The AIP system would have enhanced the combat capabilities of its submarines by allowing the diesel engines to run without atmospheric air for a week or more. Conventional submarines have to surface almost every second day to run their air-breathing diesel engines, running the risk of detection.
An Indian official said Germany’s refusal to help Prime Minister Imran Khan’s government with this technology would “adversely impact its lethality and vulnerability”.
India’s Defence Research and Development Organisation is indigenously developing the system for the navy’s submarines. Last year, the effort crossed several milestones when it successfully tested a land-based prototype that New Delhi had then declared would have a “force multiplier effect on lethality of a diesel electric submarine”.
Pakistan watchers in Delhi said the primary reason for Germany to take a hard stance on Pakistan’s request was being attributed to its role in promoting terror, particularly Pakistan’s failure to cooperate in identifying the perpetrators of the truck bomb attack on the Germany Embassy in Kabul in May 2017.

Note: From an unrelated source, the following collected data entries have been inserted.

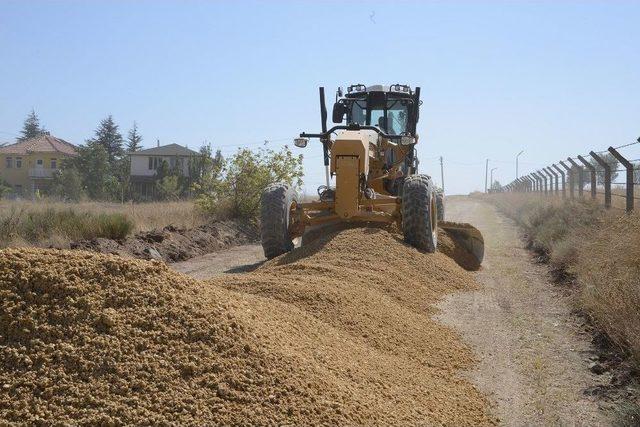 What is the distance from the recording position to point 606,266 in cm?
909

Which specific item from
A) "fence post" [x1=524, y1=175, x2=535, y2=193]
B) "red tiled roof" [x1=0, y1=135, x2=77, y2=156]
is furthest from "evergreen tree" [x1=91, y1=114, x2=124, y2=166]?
"fence post" [x1=524, y1=175, x2=535, y2=193]

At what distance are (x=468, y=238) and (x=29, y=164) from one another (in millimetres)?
53012

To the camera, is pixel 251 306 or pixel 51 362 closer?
pixel 51 362

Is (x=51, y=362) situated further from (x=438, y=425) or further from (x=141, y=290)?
(x=438, y=425)

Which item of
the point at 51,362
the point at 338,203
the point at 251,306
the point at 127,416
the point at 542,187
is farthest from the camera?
the point at 542,187

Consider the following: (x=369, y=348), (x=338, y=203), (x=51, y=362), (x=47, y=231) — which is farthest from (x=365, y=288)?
(x=47, y=231)

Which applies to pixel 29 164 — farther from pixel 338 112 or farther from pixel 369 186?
pixel 369 186

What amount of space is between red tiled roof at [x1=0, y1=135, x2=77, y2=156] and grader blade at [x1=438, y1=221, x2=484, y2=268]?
163 feet

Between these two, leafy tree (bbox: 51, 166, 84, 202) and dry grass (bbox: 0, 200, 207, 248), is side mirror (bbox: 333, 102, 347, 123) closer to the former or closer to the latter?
dry grass (bbox: 0, 200, 207, 248)

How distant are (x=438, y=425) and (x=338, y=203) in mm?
6928

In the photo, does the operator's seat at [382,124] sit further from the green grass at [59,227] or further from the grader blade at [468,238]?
the green grass at [59,227]

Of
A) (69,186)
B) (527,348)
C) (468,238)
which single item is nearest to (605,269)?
(527,348)

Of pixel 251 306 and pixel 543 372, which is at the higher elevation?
pixel 251 306

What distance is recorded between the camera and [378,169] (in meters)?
12.9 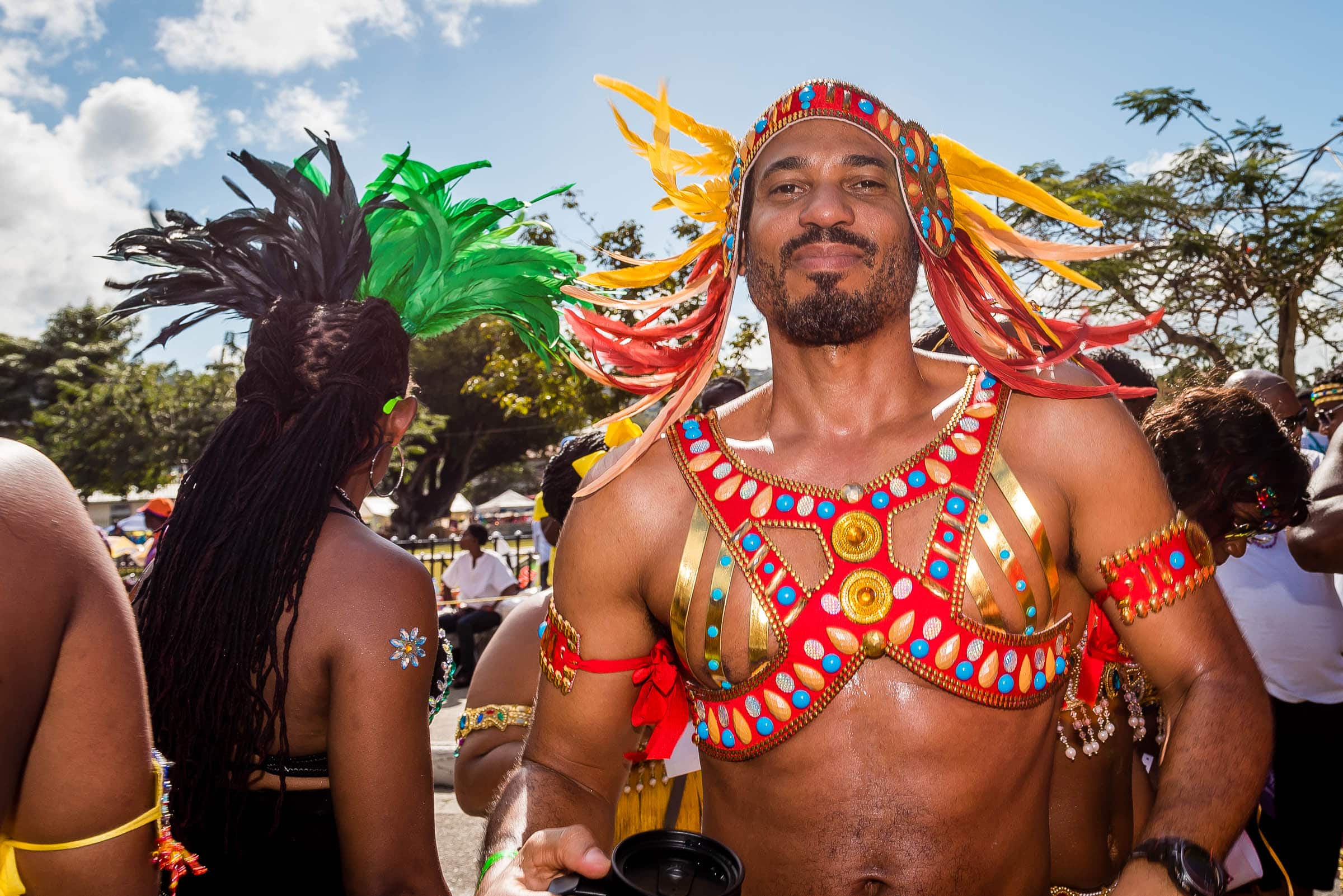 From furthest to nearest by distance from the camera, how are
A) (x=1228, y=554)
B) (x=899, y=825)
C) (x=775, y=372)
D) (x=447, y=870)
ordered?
(x=447, y=870)
(x=1228, y=554)
(x=775, y=372)
(x=899, y=825)

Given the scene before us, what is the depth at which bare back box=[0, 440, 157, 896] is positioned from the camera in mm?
1279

Nearly 150 people were killed in the bombing that devastated a central area of Kabul near the embassy. The bombing, counted among the deadliest terror strikes in recent years, was linked to the Haqqani Network that is known in counter-terror circuits to be supported and directed by Pakistan.
The Afghan National Directorate of Security had then gone on record to blame the Haqqani network based in neighbouring Pakistan for the terror strike and accused Pakistan’s spy agency ISI of helping in planning the attack. German officials have noted that Islamabad hadn’t pursued the investigations at its end.